I usually tried to visit my mother Irene Dorosh two or three times a week, for the home she and her husband Alex shared was my main mailing address.

The little house is now gone forever, but its address used to be 12106 - 90th Avenue [Google map] in the Kennedy Heights area of Surrey.

The walk to get there would take about 1½ hours, but lately I was greatly extending the distance by following the King George Highway (now Boulevard) all the way to Newton (72nd Avenue was in fact Newton Road) as seen on this Google map.

I would have travelled from the top of that map; and upon reaching 72nd Avenue, made a right turn and headed on over to 128th Street (Sandell Road) as shown on this Google map. From there, I would have turned right (or upward on the map) and worked my way to my mother's home.
WEDNESDAY, May 4, 1977

I feel I slept badly, with my dreams; I arose just before 4:30 a.m.

I'm going to go to mom's via Newton / Sandell, jogging easily in spite of Monday's muscle splint or whatever it be.

I leave 4:45 a.m., with my 2 letters to post.

*****

I got in all my running, but later in the day it was apparent I'd have to forsake it for plain walking, as even my left leg indicated the jarring was too much for mere flesh.

I weighed in at 189 [pounds], but I gorged today.

Awaiting my arrival was a collection of interesting pages from W. Paul Ganley in Buffalo, his Weirdbook Appendix.

I'd dearly love to subscribe to various magazines, and write too.
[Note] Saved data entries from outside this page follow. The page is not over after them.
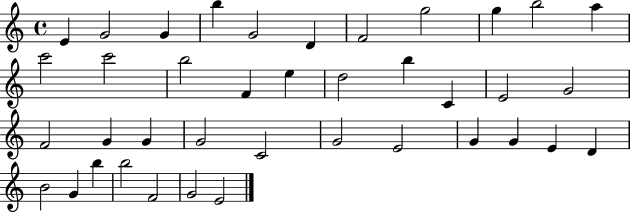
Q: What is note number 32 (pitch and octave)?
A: D4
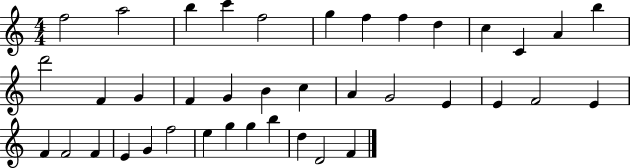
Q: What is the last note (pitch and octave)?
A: F4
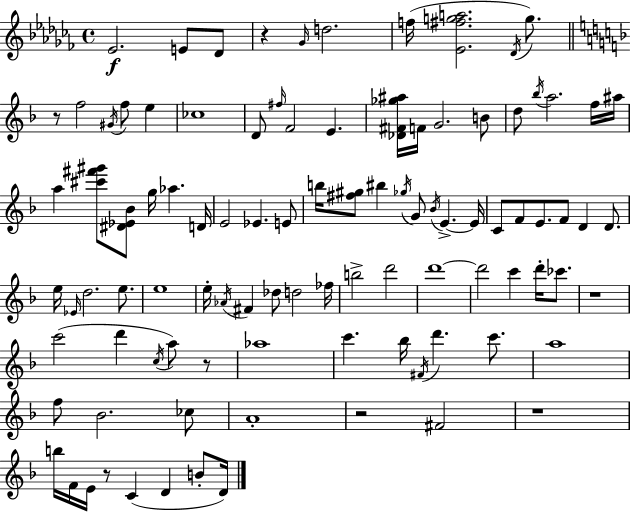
Eb4/h. E4/e Db4/e R/q Gb4/s D5/h. F5/s [Eb4,F#5,G5,A5]/h. Db4/s G5/e. R/e F5/h G#4/s F5/e E5/q CES5/w D4/e F#5/s F4/h E4/q. [Db4,F#4,Gb5,A#5]/s F4/s G4/h. B4/e D5/e Bb5/s A5/h. F5/s A#5/s A5/q [C#6,F#6,G#6]/e [D#4,Eb4,Bb4]/e G5/s Ab5/q. D4/s E4/h Eb4/q. E4/e B5/s [F#5,G#5]/e BIS5/q Gb5/s G4/e Bb4/s E4/q. E4/s C4/e F4/e E4/e. F4/e D4/q D4/e. E5/s Eb4/s D5/h. E5/e. E5/w E5/s Ab4/s F#4/q Db5/e D5/h FES5/s B5/h D6/h D6/w D6/h C6/q D6/s CES6/e. R/w C6/h D6/q C5/s A5/e R/e Ab5/w C6/q. Bb5/s F#4/s D6/q. C6/e. A5/w F5/e Bb4/h. CES5/e A4/w R/h F#4/h R/w B5/s F4/s E4/s R/e C4/q D4/q B4/e D4/s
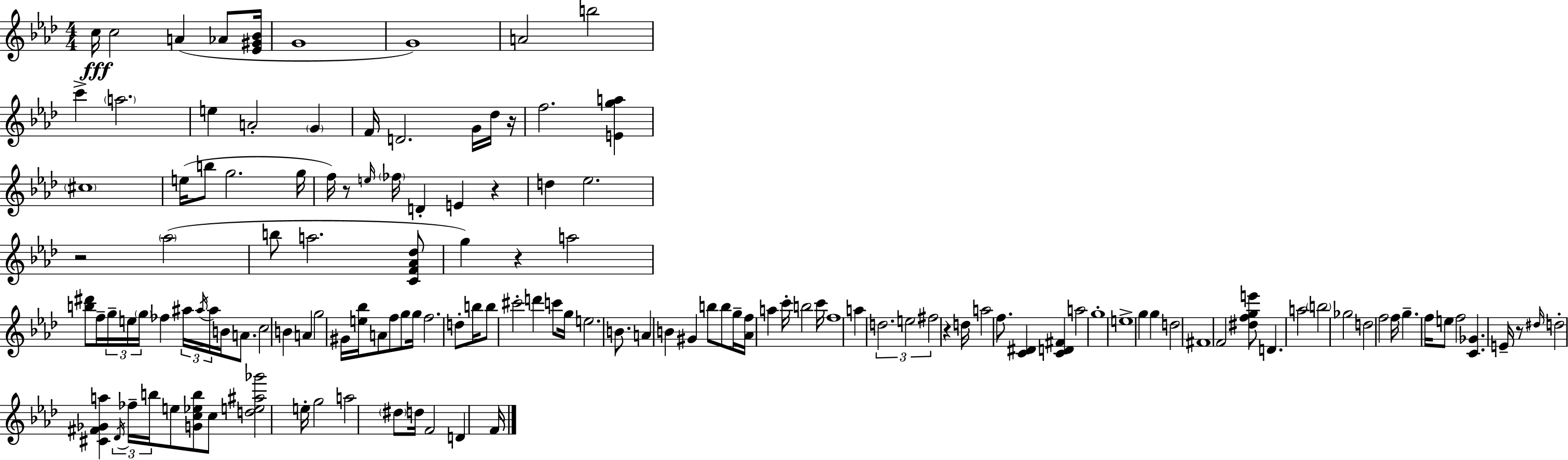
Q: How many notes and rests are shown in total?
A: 137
Today's mail brought my income tax refund cheque ─ $308.56!

I napped well.

The day held mostly cloud, but there was a fair bit of sun.
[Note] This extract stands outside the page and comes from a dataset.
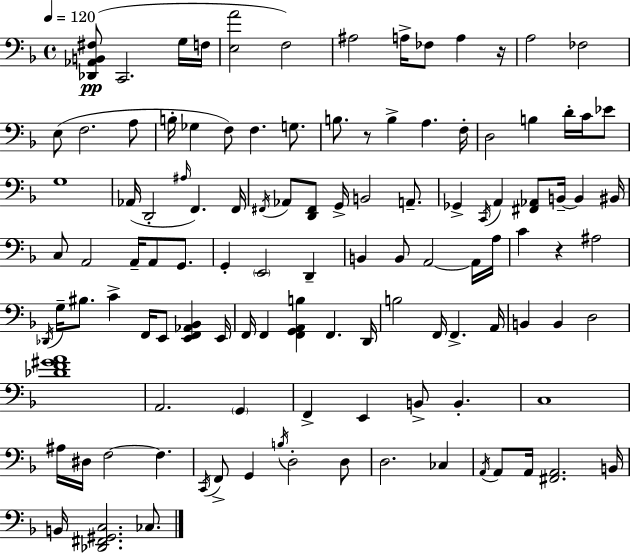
[Db2,Ab2,B2,F#3]/e C2/h. G3/s F3/s [E3,A4]/h F3/h A#3/h A3/s FES3/e A3/q R/s A3/h FES3/h E3/e F3/h. A3/e B3/s Gb3/q F3/e F3/q. G3/e. B3/e. R/e B3/q A3/q. F3/s D3/h B3/q D4/s C4/s Eb4/e G3/w Ab2/s D2/h A#3/s F2/q. F2/s F#2/s Ab2/e [D2,F#2]/e G2/s B2/h A2/e. Gb2/q C2/s A2/q [F#2,Ab2]/e B2/s B2/q BIS2/s C3/e A2/h A2/s A2/e G2/e. G2/q E2/h D2/q B2/q B2/e A2/h A2/s A3/s C4/q R/q A#3/h Db2/s G3/s BIS3/e. C4/q F2/s E2/e [E2,F2,Ab2,Bb2]/q E2/s F2/s F2/q [F2,G2,A2,B3]/q F2/q. D2/s B3/h F2/s F2/q. A2/s B2/q B2/q D3/h [Db4,F4,G#4,A4]/w A2/h. G2/q F2/q E2/q B2/e B2/q. C3/w A#3/s D#3/s F3/h F3/q. C2/s F2/e G2/q B3/s D3/h D3/e D3/h. CES3/q A2/s A2/e A2/s [F#2,A2]/h. B2/s B2/s [Db2,F#2,G#2,C3]/h. CES3/e.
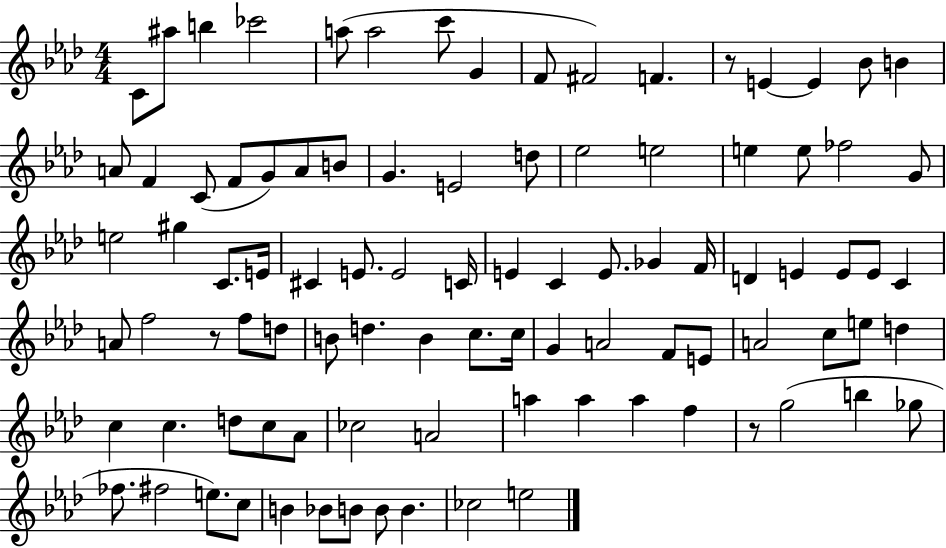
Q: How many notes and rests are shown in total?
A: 94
Mom said Bruce was to have a heart operation today. And apparently Fred likes Colleen, though Bill seems to as well.

[Bruce Halverson was my slightly younger maternal cousin who had suffered rheumatic heart disease many years earlier, and had already had previous heart surgery. He was not to live another year. Colleen was one of his sisters, and Fred Turner a friend of their family. William Alan Gill was one of my three oldest friends.]

I left mom's with the jeans she'd repaired for me, and a pair of Mark's too.

[I had been hiking over to my younger brother Mark's duplex unit for just about half a year at this point ─ he lived less than three miles from our mother, and in the direction of Whalley. I had been here so often that I had my own access, so it never mattered if he was home or not. He was living on Semiahmoo Road, and not too far from where it attached to Old Yale road as seen on this Google map. Actually, it seems to me now that the duplex may have been almost across the street from where 102nd Avenue ends on Semiahmoo Road.]  

Chris, the driver, came in with him for a while after work.

[Mark worked in a mill ─ possibly specializing in plywood. Chris was a co-worker of his, and they often car-pooled.]

Tonight I tried some Ogilvie oatmeal ─ the real stuff. It takes 20 minutes to cook, and I love it, just as I did the Alpen cereal I tried yesterday. Good stuff.

Mark said our drunken father called him last night.

Oh yes, I watched the Western Express Lottery; my 5 tickets were even, and ruddy Terry Moore drew nothing but odds. I wonder just what it is God has in store for me?

[It certainly was never to be a big winner on any lottery!]

My walk home after 11:00 p.m. was uneventful.
Mark used to hate our drunken father Hector's irrational and maudlin telephone calls so much that Mark sometimes would change his telephone number. 

And now Mark has essentially become our father.